JP Saxe’s "Articulate Excuses" Hurts in All the Places
- LJ Portnoy
- 1 day ago
- 4 min read

For anyone who's felt too much and said too little—this album speaks the language.
JP Saxe doesn’t write love songs. He writes what happens after. The shame. The silence. The parts we think we’re the only ones feeling. Articulate Excuses is a tight, emotionally fraught collection of eight songs that dig deep, hit hard, and leave a mark.
It's vulnerable without asking for your pity. Romantic without being sweet. Reflective without ever offering a clean conclusion. If you're going through something—or recently went through something—this album doesn't just speak to you. It sits down next to you, places a hand on your shoulder, and quietly whispers, “Yeah, same.”
Don’t Leave Me Alone With My Thoughts
“Don’t leave me alone with my thoughts” - Smartphone Make Me Dumb
This is where it begins—and where it already aches.
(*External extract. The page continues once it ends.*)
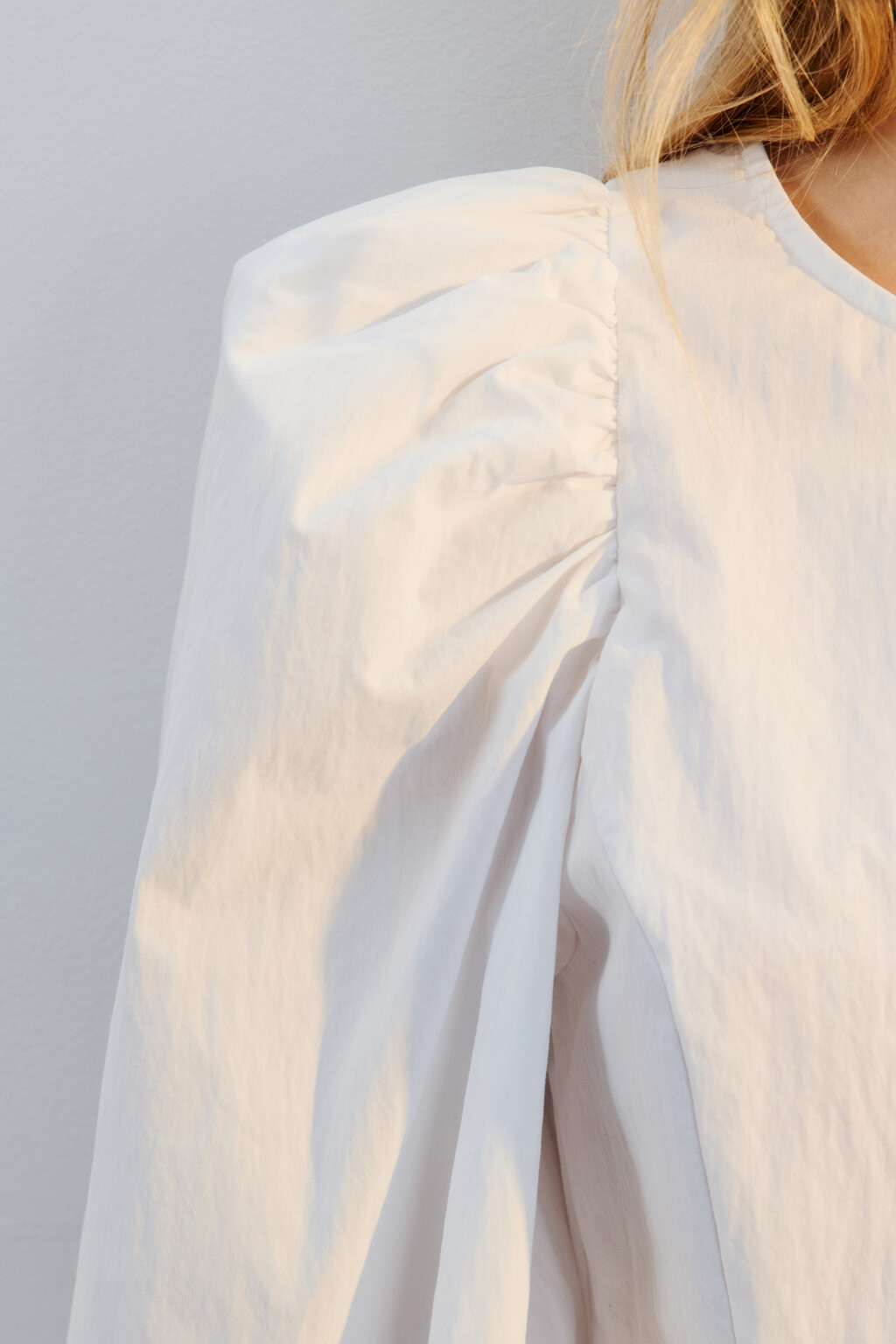 Блузка с пышными рукавами и баской - цвет белый - 8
The opening track of Articulate Excuses isn’t loud. It doesn’t try to impress. It just cuts right through the noise and lands where your most tender fears live. That single repeated line is almost too real for those of us who’ve used our phones to drown out what’s happening inside. It’s haunting. And it’s beautiful.
I’m Sorry That I Want You But Don’t Choose You
“I'm sorry that I use you, sorry I confuse you,
I'm sorry that I only show up when I'm scared to lose you,
I'm sorry that I want you, but don't choose you,
‘I'm sorry’ don't mean what it used to." - I Wanna Move to Brooklyn
There’s a rise and fall in this track that mirrors the way anxiety pulses through a relationship on the edge. It’s deeply reflective and emotionally brutal. It doesn’t ask for forgiveness. It just lays the pain bare. This one lit my chest on fire—because I’ve been on both ends of those lines. This is the song that feels too close, and that’s exactly what makes it unforgettable.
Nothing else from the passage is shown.